Diffusion Probabilistic Models stand as a critical tool in generative modelling, enabling the generation of complex data distributions. This family of generative models yields record-breaking performance in tasks such as image synthesis, video generation, and molecule design. Despite their capabilities, their efficiency, especially in the reverse process, remains a challenge due to slow convergence rates and high computational costs. In this paper, we introduce an approach that leverages continuous dynamical systems to design a novel denoising network for diffusion models that is more parameter-efficient, exhibits faster convergence, and demonstrates increased noise robustness. Experimenting with Denoising Diffusion Probabilistic Models (DDPMs), our framework operates with approximately a quarter of the parameters, and $\sim$ 30\% of the Floating Point Operations (FLOPs) compared to standard U-Nets in DDPMs. Furthermore, our model is notably faster in inference than the baseline when measured in fair and equal conditions. We also provide a mathematical intuition as to why our proposed reverse process is faster as well as a mathematical discussion of the empirical tradeoffs in the denoising downstream task. Finally, we argue that our method is compatible with existing performance enhancement techniques, enabling further improvements in efficiency, quality, and speed.
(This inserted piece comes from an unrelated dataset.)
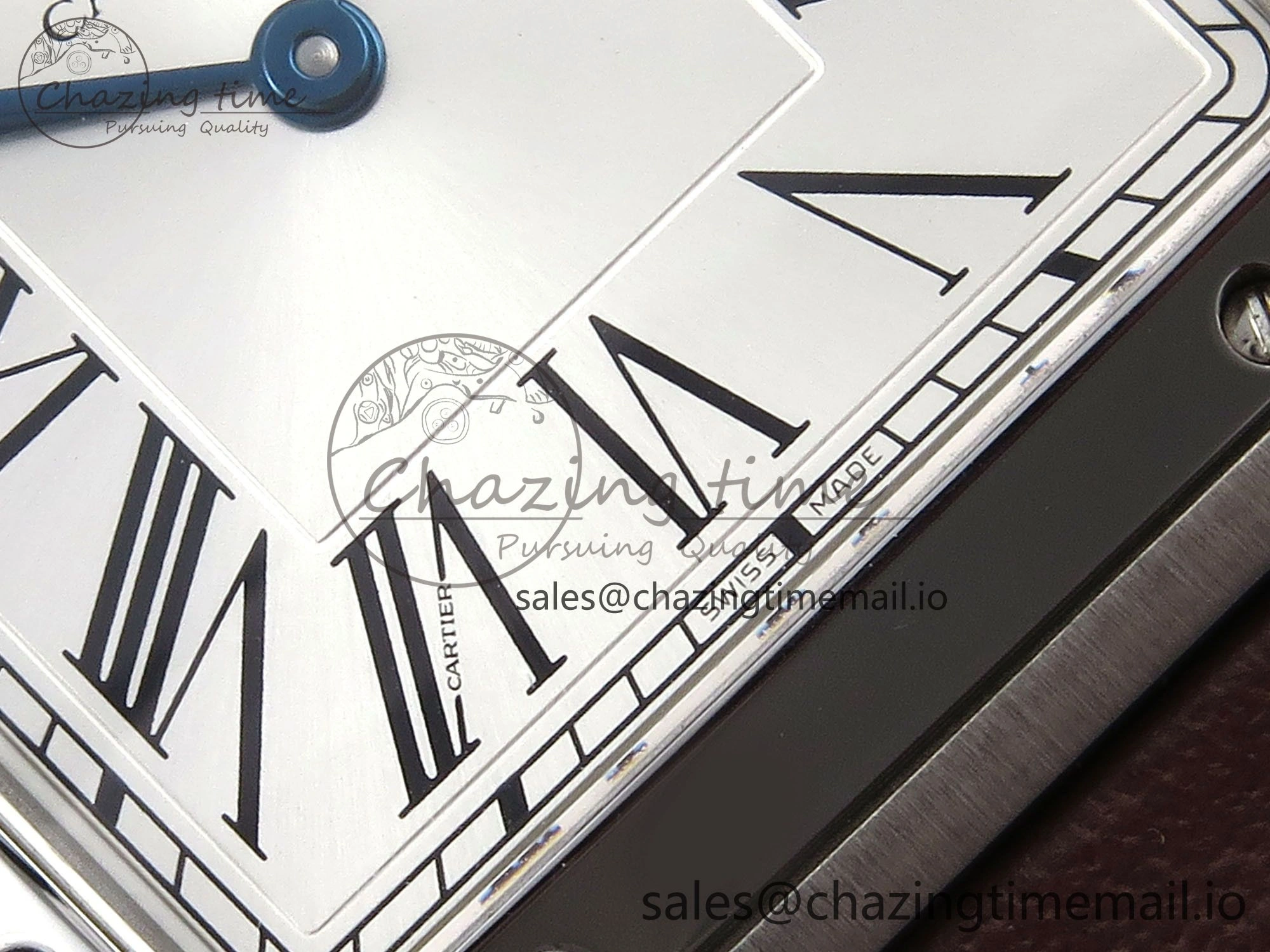 Durable Santos Dumont 31.4mm SS AF 1:1 Best Edition Silver Dial on Brown Leather Strap A 5906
翻译：扩散概率模型作为生成建模中的关键工具，能够生成复杂的数据分布。这类生成模型在图像合成、视频生成和分子设计等任务中取得了创纪录的性能表现。尽管能力出众，但由于收敛速度慢和计算成本高，其效率问题——特别是逆向过程——仍是挑战。本文提出了一种利用连续动力系统设计新型去噪网络的方法，该网络具有更高的参数效率、更快的收敛速度以及更强的噪声鲁棒性。在去噪扩散概率模型（DDPM）实验中，我们的框架仅使用标准U-Net约四分之一的参数和约30%的浮点运算量（FLOPs）。此外，在公平对等条件下，我们的模型推理速度显著快于基线模型。我们还从数学角度阐释了所提出的逆向过程加速原因，并讨论了去噪下游任务中经验性折衷的数学原理。最后，我们论证了该方法与现有性能增强技术的兼容性，可进一步提升效率、质量和速度。